(Data excerpts)
+---+
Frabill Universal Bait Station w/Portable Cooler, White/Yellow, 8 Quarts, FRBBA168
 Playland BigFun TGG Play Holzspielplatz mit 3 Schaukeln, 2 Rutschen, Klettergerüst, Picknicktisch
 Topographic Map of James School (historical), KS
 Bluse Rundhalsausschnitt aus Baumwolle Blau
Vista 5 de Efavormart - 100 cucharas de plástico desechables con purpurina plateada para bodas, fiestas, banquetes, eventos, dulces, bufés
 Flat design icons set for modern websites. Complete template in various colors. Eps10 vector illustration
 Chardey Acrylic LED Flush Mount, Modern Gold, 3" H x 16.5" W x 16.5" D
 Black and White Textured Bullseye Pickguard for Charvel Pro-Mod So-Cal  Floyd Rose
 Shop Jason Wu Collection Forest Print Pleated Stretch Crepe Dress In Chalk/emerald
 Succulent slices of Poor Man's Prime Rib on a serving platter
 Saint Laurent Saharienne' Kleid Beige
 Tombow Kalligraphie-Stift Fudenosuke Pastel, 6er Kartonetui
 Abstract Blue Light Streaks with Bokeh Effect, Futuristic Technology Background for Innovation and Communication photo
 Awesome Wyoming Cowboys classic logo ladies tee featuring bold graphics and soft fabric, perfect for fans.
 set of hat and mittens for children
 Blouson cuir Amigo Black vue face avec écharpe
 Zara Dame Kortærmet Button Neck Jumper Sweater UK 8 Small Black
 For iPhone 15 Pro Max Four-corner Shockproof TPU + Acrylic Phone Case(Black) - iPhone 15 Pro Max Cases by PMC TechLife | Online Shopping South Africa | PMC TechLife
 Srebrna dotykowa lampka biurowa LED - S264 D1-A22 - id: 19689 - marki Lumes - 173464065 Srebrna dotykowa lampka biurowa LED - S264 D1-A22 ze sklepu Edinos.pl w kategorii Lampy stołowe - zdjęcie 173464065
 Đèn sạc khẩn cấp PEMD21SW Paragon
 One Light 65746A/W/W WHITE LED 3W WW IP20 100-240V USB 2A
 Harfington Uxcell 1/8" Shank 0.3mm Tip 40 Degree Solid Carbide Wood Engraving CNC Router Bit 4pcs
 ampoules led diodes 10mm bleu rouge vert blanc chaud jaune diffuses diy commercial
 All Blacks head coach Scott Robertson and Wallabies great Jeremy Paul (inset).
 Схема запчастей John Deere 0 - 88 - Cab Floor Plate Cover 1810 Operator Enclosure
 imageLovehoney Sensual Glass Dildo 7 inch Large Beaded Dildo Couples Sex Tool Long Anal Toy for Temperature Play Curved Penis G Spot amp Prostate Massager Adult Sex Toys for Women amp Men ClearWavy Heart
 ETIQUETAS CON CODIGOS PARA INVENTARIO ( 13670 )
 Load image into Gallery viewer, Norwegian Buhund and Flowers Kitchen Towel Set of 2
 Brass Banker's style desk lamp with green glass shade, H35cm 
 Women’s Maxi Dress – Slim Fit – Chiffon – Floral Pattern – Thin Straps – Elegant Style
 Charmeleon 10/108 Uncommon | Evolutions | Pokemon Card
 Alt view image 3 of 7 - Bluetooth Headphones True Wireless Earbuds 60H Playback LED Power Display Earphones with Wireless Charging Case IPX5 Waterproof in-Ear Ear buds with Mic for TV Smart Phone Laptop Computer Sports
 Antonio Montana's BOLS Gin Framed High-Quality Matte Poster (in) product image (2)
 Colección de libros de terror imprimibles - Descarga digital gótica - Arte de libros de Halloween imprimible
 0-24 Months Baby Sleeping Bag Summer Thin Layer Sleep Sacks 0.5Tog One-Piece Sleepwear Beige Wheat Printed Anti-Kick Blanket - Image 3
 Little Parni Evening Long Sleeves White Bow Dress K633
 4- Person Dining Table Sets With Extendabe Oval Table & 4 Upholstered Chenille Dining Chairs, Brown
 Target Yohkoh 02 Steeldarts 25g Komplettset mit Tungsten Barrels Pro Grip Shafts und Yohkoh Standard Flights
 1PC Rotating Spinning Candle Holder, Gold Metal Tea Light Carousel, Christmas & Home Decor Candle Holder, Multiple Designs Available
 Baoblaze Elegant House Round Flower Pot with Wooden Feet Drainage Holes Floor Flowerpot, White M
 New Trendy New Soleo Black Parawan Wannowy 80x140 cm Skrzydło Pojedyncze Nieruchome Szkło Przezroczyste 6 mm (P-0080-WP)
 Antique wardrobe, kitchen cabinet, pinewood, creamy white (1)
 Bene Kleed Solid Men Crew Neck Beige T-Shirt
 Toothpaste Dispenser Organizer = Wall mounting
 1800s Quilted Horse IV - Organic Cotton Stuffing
+---+
EXERCISE DIRECTIONS:
From the line holding "One Light 65746A/W/W" to the line holding "Colección de libros", inclusive, restate each line above exactly as written.

THE ANSWER:
 One Light 65746A/W/W WHITE LED 3W WW IP20 100-240V USB 2A
 Harfington Uxcell 1/8" Shank 0.3mm Tip 40 Degree Solid Carbide Wood Engraving CNC Router Bit 4pcs
 ampoules led diodes 10mm bleu rouge vert blanc chaud jaune diffuses diy commercial
 All Blacks head coach Scott Robertson and Wallabies great Jeremy Paul (inset).
 Схема запчастей John Deere 0 - 88 - Cab Floor Plate Cover 1810 Operator Enclosure
 imageLovehoney Sensual Glass Dildo 7 inch Large Beaded Dildo Couples Sex Tool Long Anal Toy for Temperature Play Curved Penis G Spot amp Prostate Massager Adult Sex Toys for Women amp Men ClearWavy Heart
 ETIQUETAS CON CODIGOS PARA INVENTARIO ( 13670 )
 Load image into Gallery viewer, Norwegian Buhund and Flowers Kitchen Towel Set of 2
 Brass Banker's style desk lamp with green glass shade, H35cm 
 Women’s Maxi Dress – Slim Fit – Chiffon – Floral Pattern – Thin Straps – Elegant Style
 Charmeleon 10/108 Uncommon | Evolutions | Pokemon Card
 Alt view image 3 of 7 - Bluetooth Headphones True Wireless Earbuds 60H Playback LED Power Display Earphones with Wireless Charging Case IPX5 Waterproof in-Ear Ear buds with Mic for TV Smart Phone Laptop Computer Sports
 Antonio Montana's BOLS Gin Framed High-Quality Matte Poster (in) product image (2)
 Colección de libros de terror imprimibles - Descarga digital gótica - Arte de libros de Halloween imprimible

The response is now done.